▶

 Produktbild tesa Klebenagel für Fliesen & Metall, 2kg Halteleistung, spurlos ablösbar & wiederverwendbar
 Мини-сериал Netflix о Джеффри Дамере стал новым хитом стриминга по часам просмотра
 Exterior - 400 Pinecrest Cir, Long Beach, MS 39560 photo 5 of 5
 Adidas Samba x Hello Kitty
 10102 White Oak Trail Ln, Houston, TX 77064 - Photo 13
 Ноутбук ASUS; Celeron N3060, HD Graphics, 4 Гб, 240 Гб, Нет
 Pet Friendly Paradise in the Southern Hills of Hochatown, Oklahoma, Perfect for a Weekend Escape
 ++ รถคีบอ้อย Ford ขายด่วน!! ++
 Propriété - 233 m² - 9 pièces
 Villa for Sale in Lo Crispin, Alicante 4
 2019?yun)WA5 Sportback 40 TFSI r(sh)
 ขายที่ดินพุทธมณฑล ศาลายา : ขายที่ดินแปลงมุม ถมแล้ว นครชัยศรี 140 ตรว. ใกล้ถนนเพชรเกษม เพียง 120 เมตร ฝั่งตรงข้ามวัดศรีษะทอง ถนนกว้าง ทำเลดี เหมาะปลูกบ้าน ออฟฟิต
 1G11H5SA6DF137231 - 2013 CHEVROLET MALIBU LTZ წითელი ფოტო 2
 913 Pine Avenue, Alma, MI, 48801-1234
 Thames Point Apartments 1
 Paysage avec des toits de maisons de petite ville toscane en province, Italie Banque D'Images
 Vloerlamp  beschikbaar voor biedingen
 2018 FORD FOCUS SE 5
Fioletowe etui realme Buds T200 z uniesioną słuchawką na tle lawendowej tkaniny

◀

Exercise objective — Precisely the lines between those holding "Мини-сериал Netflix о" and "Propriété - 233 m² - 9 pièces", inclusive, are to be reproduced from the listing above, with nothing added.

Output of the task —
 Мини-сериал Netflix о Джеффри Дамере стал новым хитом стриминга по часам просмотра
 Exterior - 400 Pinecrest Cir, Long Beach, MS 39560 photo 5 of 5
 Adidas Samba x Hello Kitty
 10102 White Oak Trail Ln, Houston, TX 77064 - Photo 13
 Ноутбук ASUS; Celeron N3060, HD Graphics, 4 Гб, 240 Гб, Нет
 Pet Friendly Paradise in the Southern Hills of Hochatown, Oklahoma, Perfect for a Weekend Escape
 ++ รถคีบอ้อย Ford ขายด่วน!! ++
 Propriété - 233 m² - 9 pièces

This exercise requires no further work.